Generated by summarytools 1.0.1 (R version 4.2.2)
2023-04-17

Code
#created new data table in order to graph borough by price segmented by room type
tidy_Airbnb <- raw_airbnb %>%
  filter(room_type == "Shared room" | room_type == "Entire home/apt" | room_type == "Private room") %>% 
  group_by(neighbourhood_group, room_type) %>%
  summarise(mean_price=mean(price))
tidy_Airbnb

Visualization with Multiple Dimensions

In my previous challenge, I created univariate and bivariate visualizations of this data which analyzed price, neighborhood borough, and room type. Today, I will revisit these graphs and create new visualizations which introduce at least one additional dimension.

See the first graph below. It shows number of property listings by neighborhood borough segmented by room type. Key takeaways:

  • Manhattan and Brooklyn have the most listings while Staten Island and Bronx have the least number of listings

  • The most common room type for the majority of listings is entire home/apartment with shared room being the least common

  • Overall, Manhattan has the most listings and highest ratio of entire home/apartment to other room types

Code
#bar graph to visualize number of listings by borough and room type
cbbPalette <- c("#B74F6F", "#ADBDFF", "#3185FC")
bar_Airbnb <- ggplot(raw_airbnb, aes(neighbourhood_group, fill = room_type, na.rm = TRUE)) + 
  geom_bar(stat = "count", colour="black") + 
  labs(title = "Airbnb Property Listings by NYC Borough & Room Type", x = "NYC Borough", y = "Number of Listings", subtitle = "Data time frame: 2019") +
  scale_fill_discrete(name = "Room Type") + 
  theme_bw() +
  theme(legend.position = "left") +
  scale_fill_manual(values=cbbPalette)
bar_Airbnb

At a high level, it is clear that Manhattan has the most listings, but it is the most expensive?
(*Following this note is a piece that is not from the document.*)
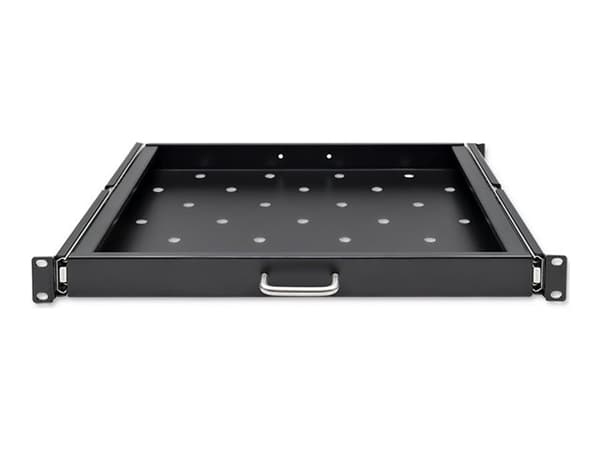 Qoltec Su laikikliu hylle for RACK skap | 600x600 | uttrekkbar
The graph below answers that question, yes! Not only are it’s property prices the most expensive on average, but the entire home/apartment price is the highest priced of all the NYC boroughs. For NYC, this result makes sense since it is a highly sought after neighborhood.

Code
#bar graph to visualize price of listings by borough and room type
price_Airbnb <- tidy_Airbnb %>%
  ggplot(tidy_airbnb, mapping = aes(neighbourhood_group, mean_price, fill = room_type)) +
  geom_bar(position = "dodge", stat = "identity", colour="black") + 
  labs(title = "Airbnb Property Listings by NYC Borough & Price", x = "NYC Borough", y = "Price in U.S. Dollars ($)", subtitle = "Data time frame: 2019") +
  scale_fill_discrete(name = "Room Type") + 
  theme_bw() +
  theme(legend.position = "left") +
  scale_fill_manual(values=cbbPalette)
price_Airbnb